**INFORMATION SUPPLIED:**
= = = = =
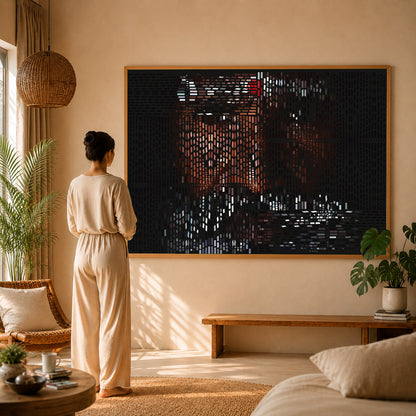 Muted clay and sand Japandi print creating serene surroundings
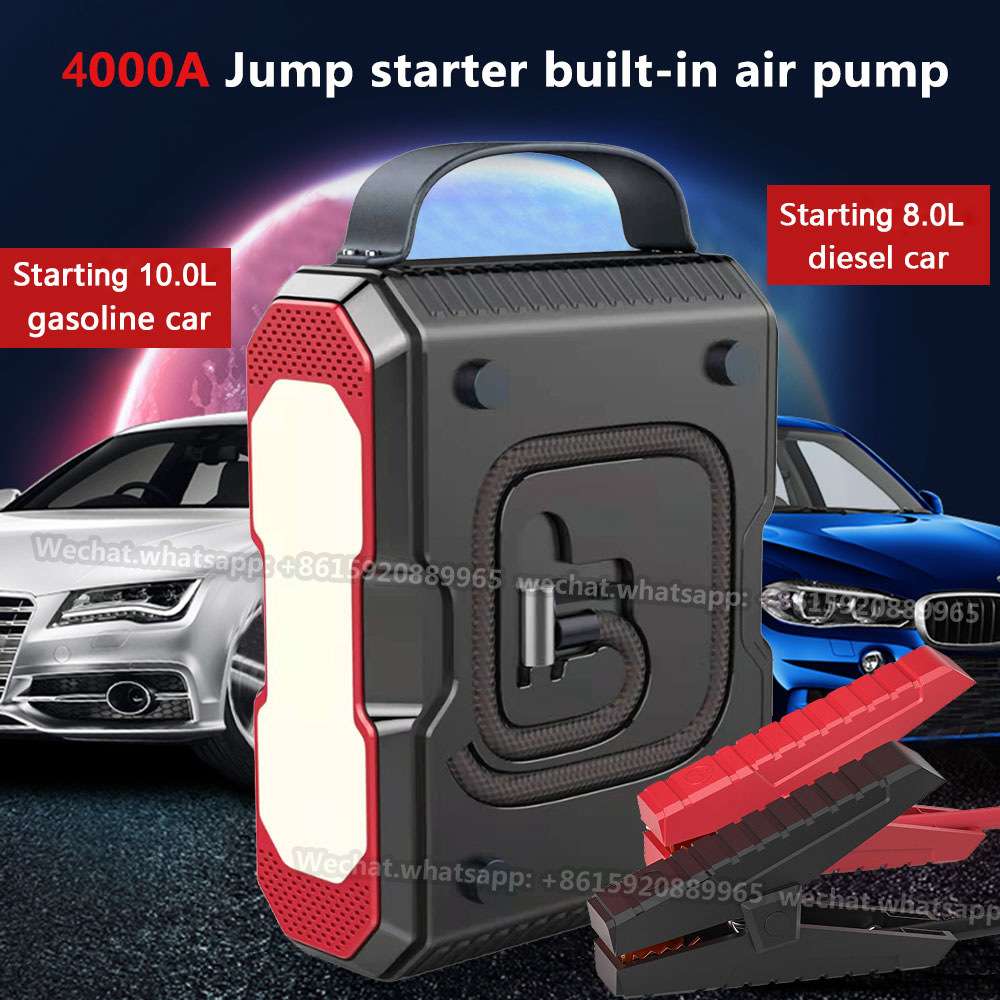 12V Car Jump Starter With Air Compressor Peak 4000A 24000Mah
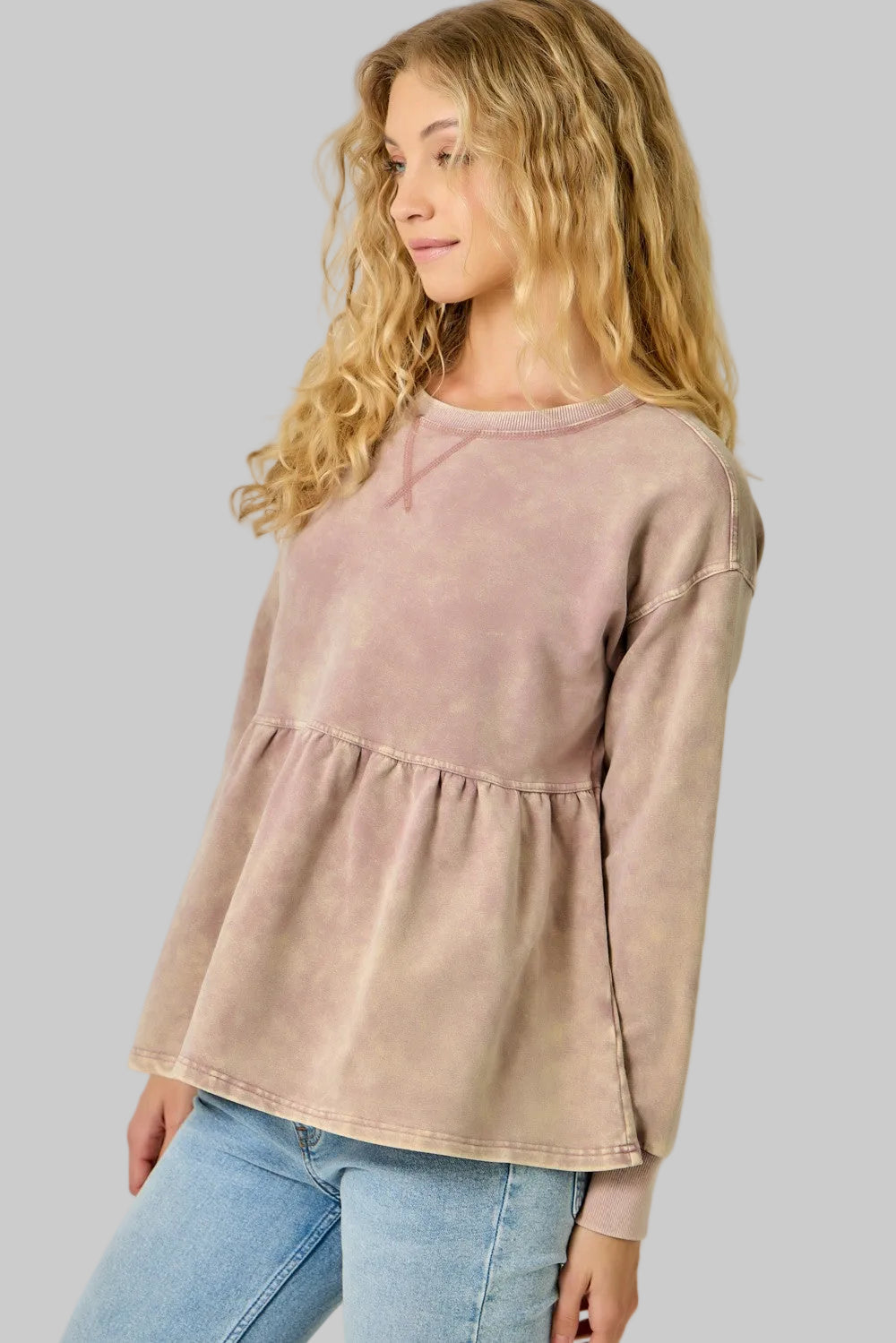 WASHED BABY DOLL SWEATSHIRT - WASHED ROSE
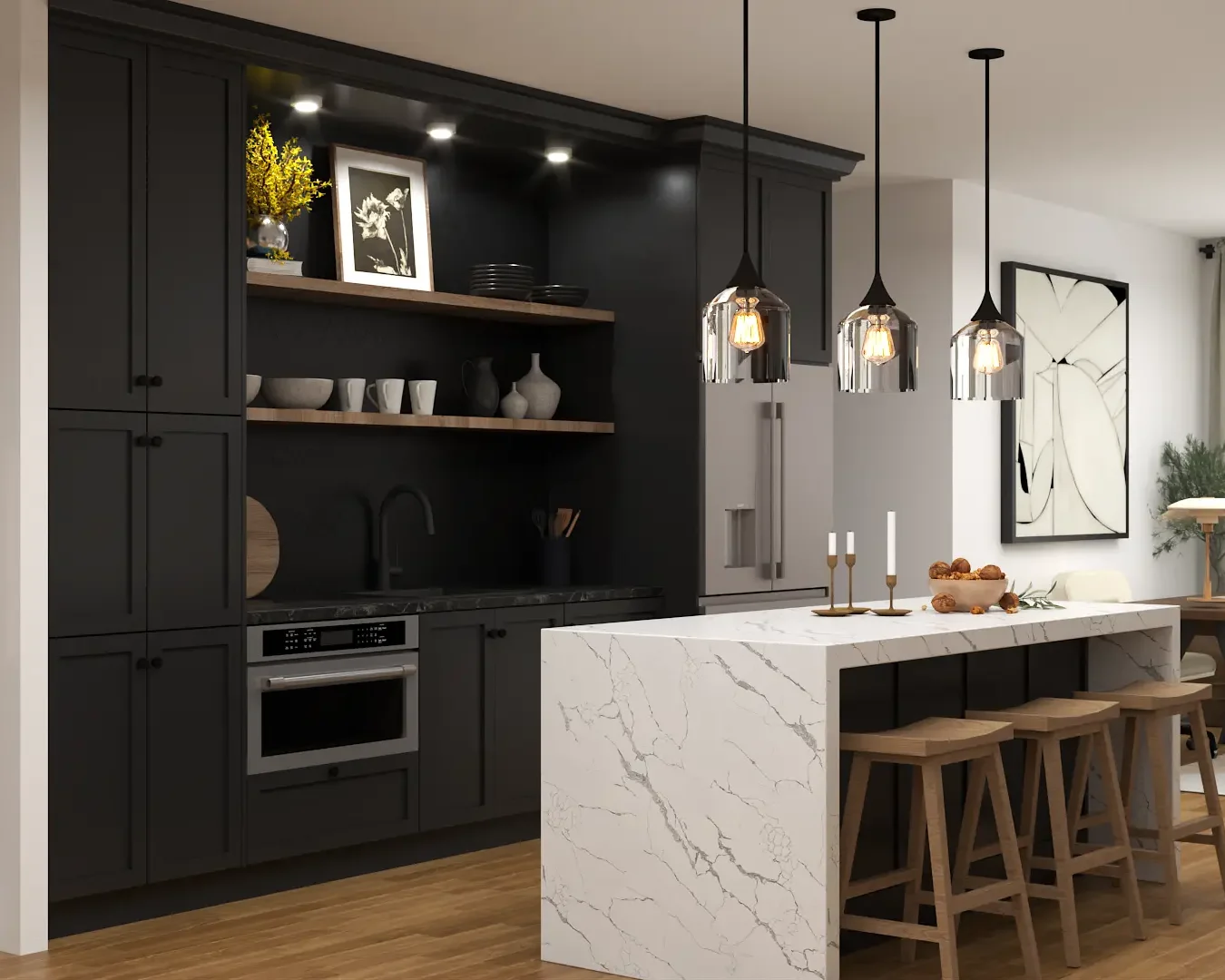 Chic kitchen with black cabinetry and a luxurious white marble island, highlighted by stylish pendant lighting. Design by Debora, based in New York.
= = = = =
**WORK REQUIRED:** The copy should match each line above exactly and contain no images.

**ANSWER AREA:**
 Muted clay and sand Japandi print creating serene surroundings
 12V Car Jump Starter With Air Compressor Peak 4000A 24000Mah
 WASHED BABY DOLL SWEATSHIRT - WASHED ROSE
 Chic kitchen with black cabinetry and a luxurious white marble island, highlighted by stylish pendant lighting. Design by Debora, based in New York.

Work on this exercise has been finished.